INSTRUCTIONS FOR THE TASK: Repeat each line of the data below exactly, but skip the pictures.

DATA FOR THIS TASK:

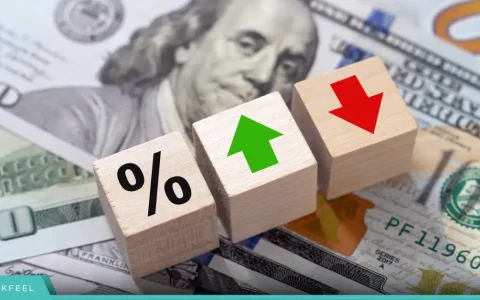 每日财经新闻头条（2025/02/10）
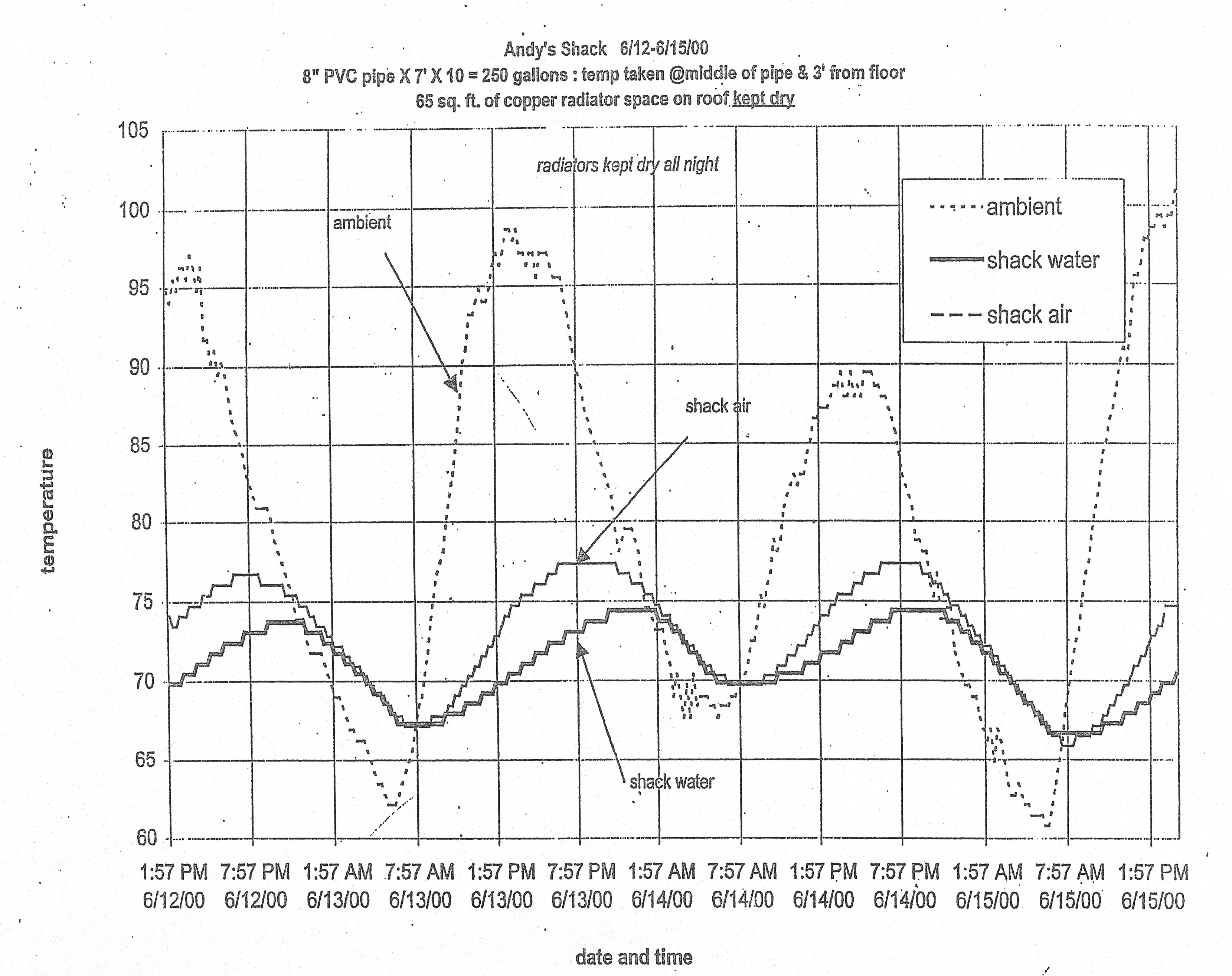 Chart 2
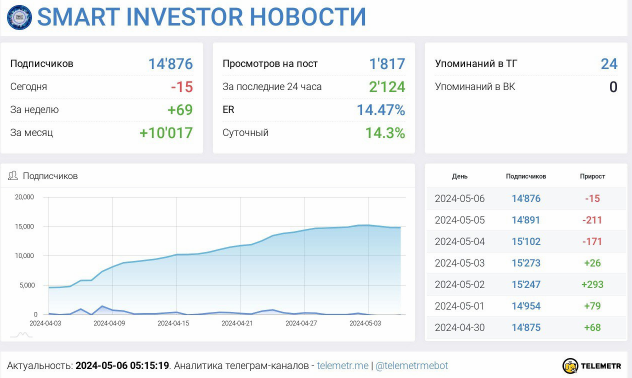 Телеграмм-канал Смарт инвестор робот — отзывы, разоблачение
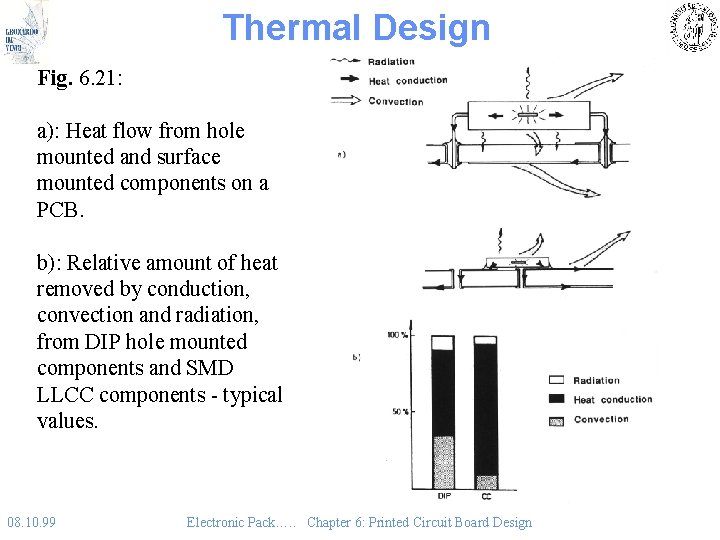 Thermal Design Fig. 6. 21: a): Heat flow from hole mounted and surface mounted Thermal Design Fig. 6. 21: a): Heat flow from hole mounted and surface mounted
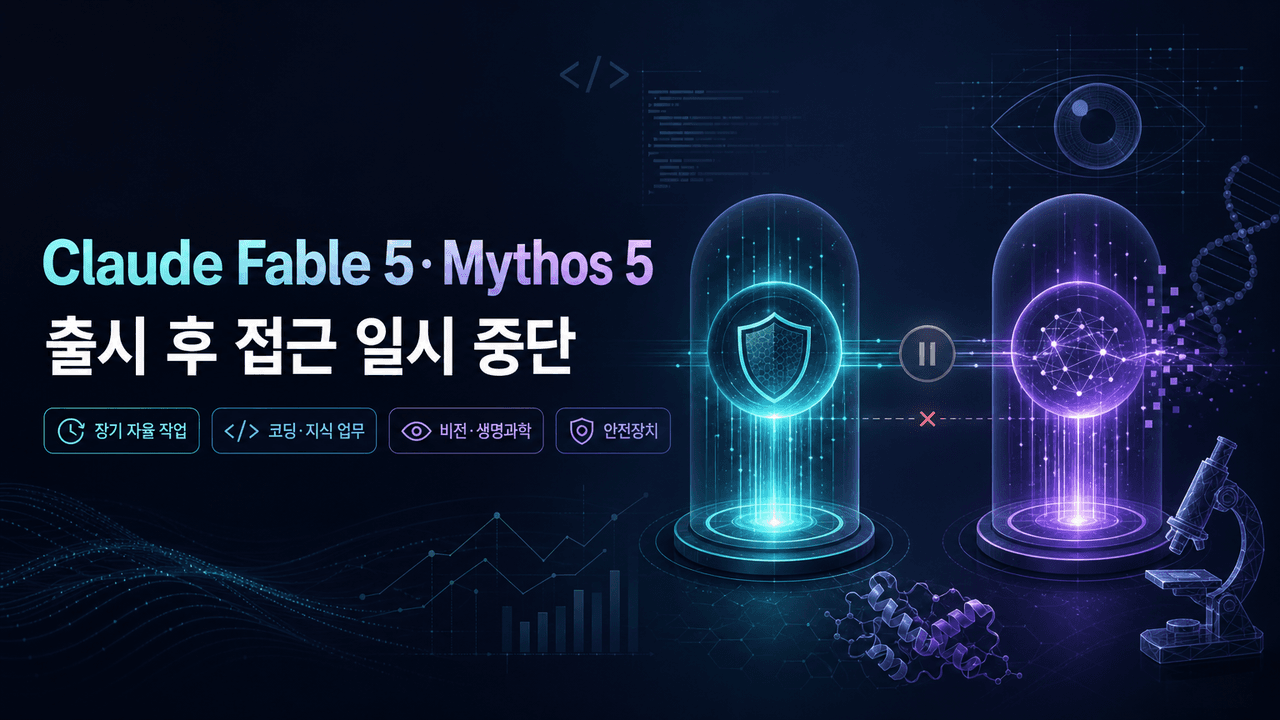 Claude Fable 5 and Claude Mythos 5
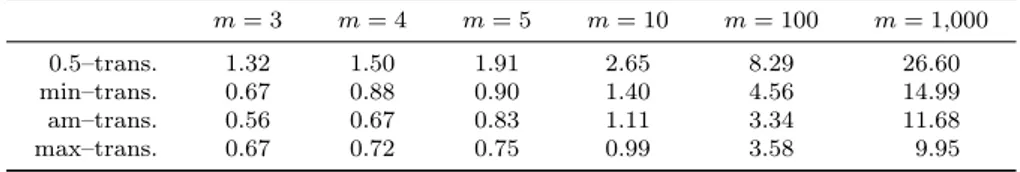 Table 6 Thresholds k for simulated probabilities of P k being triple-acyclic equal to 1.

SOLUTION TO THIS TASK:
 每日财经新闻头条（2025/02/10）
 Chart 2
 Телеграмм-канал Смарт инвестор робот — отзывы, разоблачение
 Thermal Design Fig. 6. 21: a): Heat flow from hole mounted and surface mounted Thermal Design Fig. 6. 21: a): Heat flow from hole mounted and surface mounted
 Claude Fable 5 and Claude Mythos 5
 Table 6 Thresholds k for simulated probabilities of P k being triple-acyclic equal to 1.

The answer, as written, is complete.